WORK ITEM: Copy the records below exactly, but leave out any picture they contain.

(Captioned web images)
◆ ◆ ◆ ◆
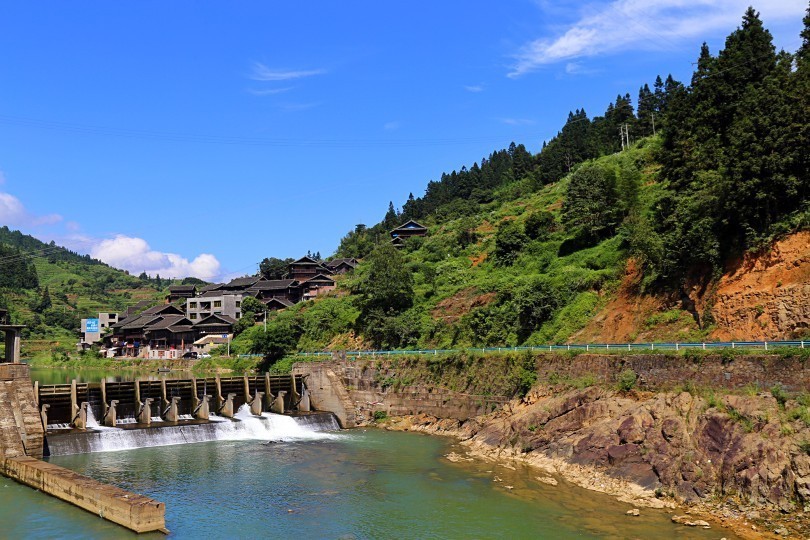 地址(在哪里):黔东南七十二侗寨位于黔东南苗族侗族自治州榕江县g211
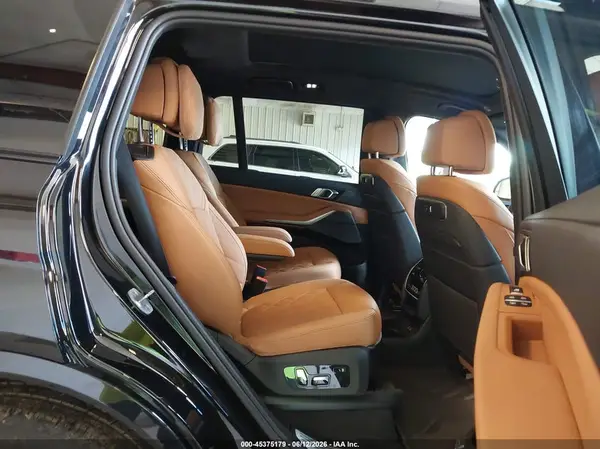 5UX23EM05T9330609 2026 BMW X7 - Image 8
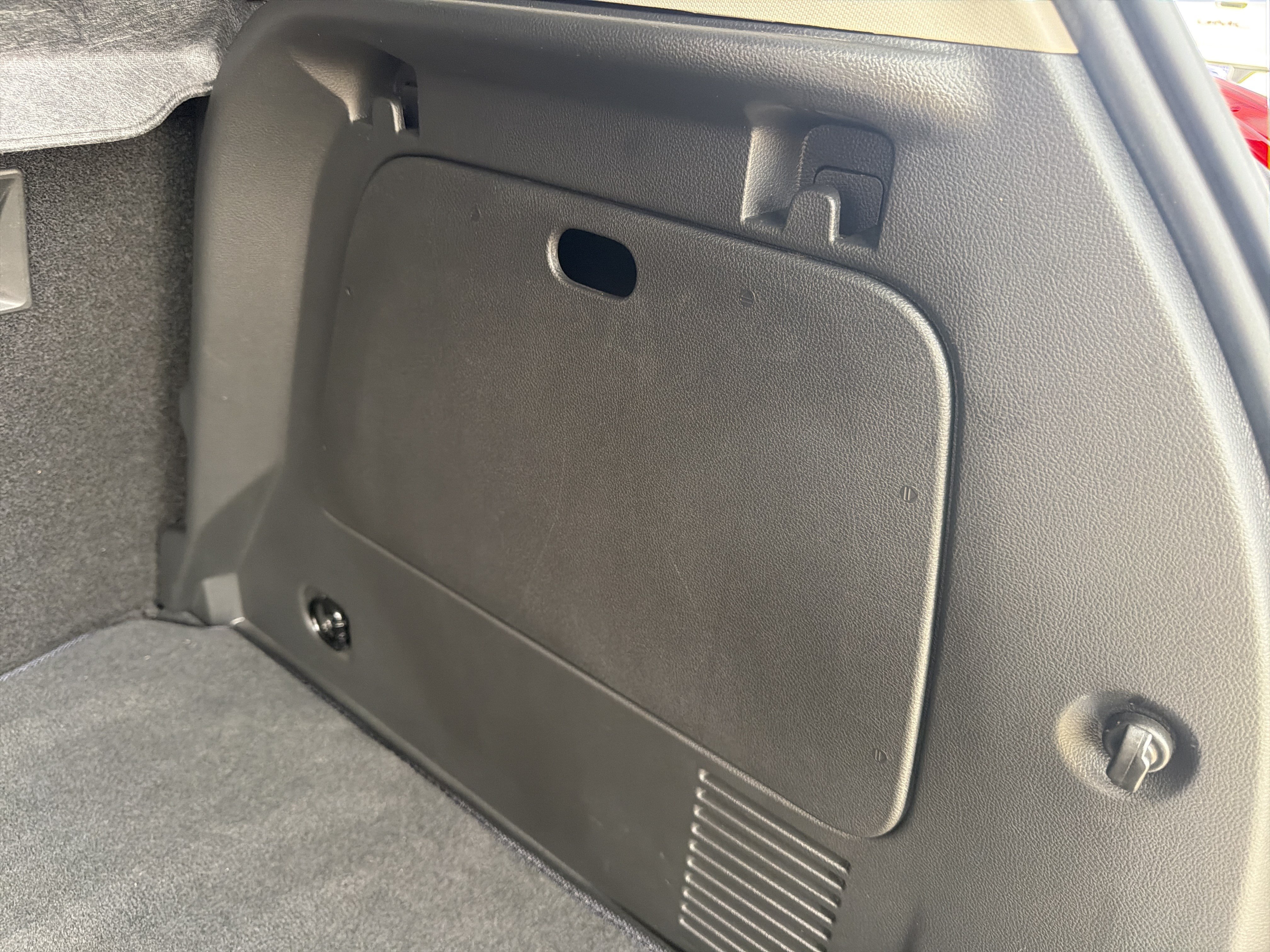 Used 2021 Buick Encore Preferred w/ Safety Package FWD image 28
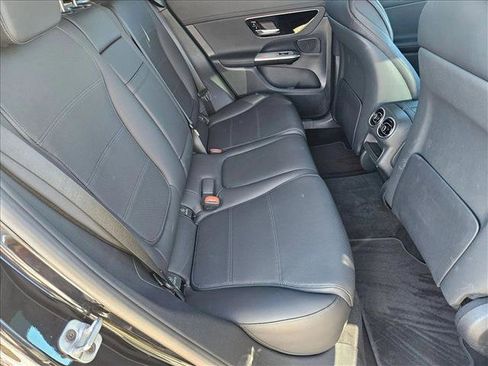 Used 2025 Mercedes-Benz GLC 350e GLC 350e image 16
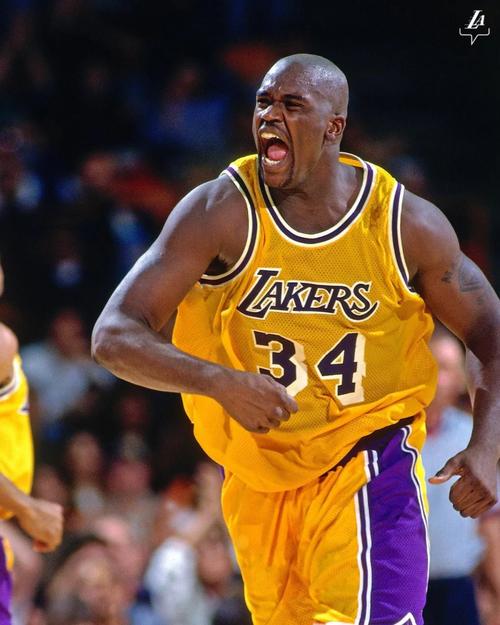 卡利亚里1-0十人罗马，加埃塔诺替补建功，切利克染红（卡利亚里1-0小胜十人罗马：加埃塔诺替补破门，切利克被罚下）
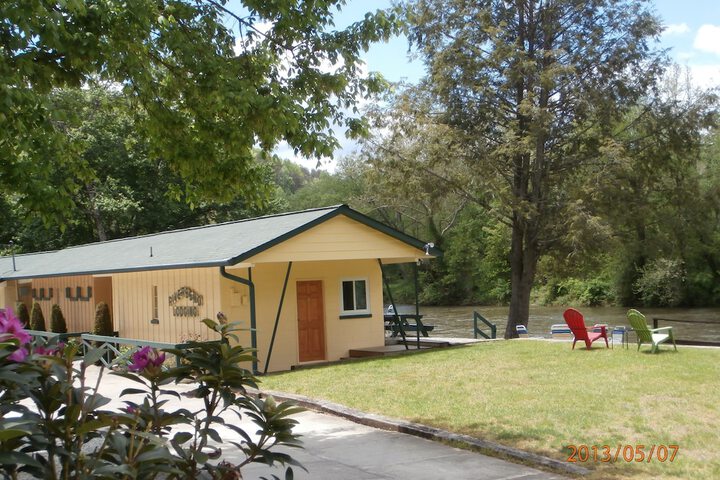 Riverbend Lodging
◆ ◆ ◆ ◆
EXERCISE OUTPUT:
 地址(在哪里):黔东南七十二侗寨位于黔东南苗族侗族自治州榕江县g211
 5UX23EM05T9330609 2026 BMW X7 - Image 8
 Used 2021 Buick Encore Preferred w/ Safety Package FWD image 28
 Used 2025 Mercedes-Benz GLC 350e GLC 350e image 16
 卡利亚里1-0十人罗马，加埃塔诺替补建功，切利克染红（卡利亚里1-0小胜十人罗马：加埃塔诺替补破门，切利克被罚下）
 Riverbend Lodging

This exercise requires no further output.